◆ What the task asks
Take the lines below beginning at the line that has "Hello, this is" and stopping after the line that has "Bismillahirrahmanirrahim. Welcome to", and print them exactly as they are, with no other lines.

◆ Extracted information
------

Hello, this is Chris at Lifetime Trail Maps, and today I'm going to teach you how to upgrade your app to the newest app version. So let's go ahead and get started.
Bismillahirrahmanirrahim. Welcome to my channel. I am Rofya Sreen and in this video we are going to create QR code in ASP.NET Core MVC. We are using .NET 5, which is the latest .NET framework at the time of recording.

------

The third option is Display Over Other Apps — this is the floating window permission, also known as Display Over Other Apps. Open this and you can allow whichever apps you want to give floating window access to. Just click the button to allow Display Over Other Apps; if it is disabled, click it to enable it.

------

◆ Response box
Hello, this is Chris at Lifetime Trail Maps, and today I'm going to teach you how to upgrade your app to the newest app version. So let's go ahead and get started.
Bismillahirrahmanirrahim. Welcome to my channel. I am Rofya Sreen and in this video we are going to create QR code in ASP.NET Core MVC. We are using .NET 5, which is the latest .NET framework at the time of recording.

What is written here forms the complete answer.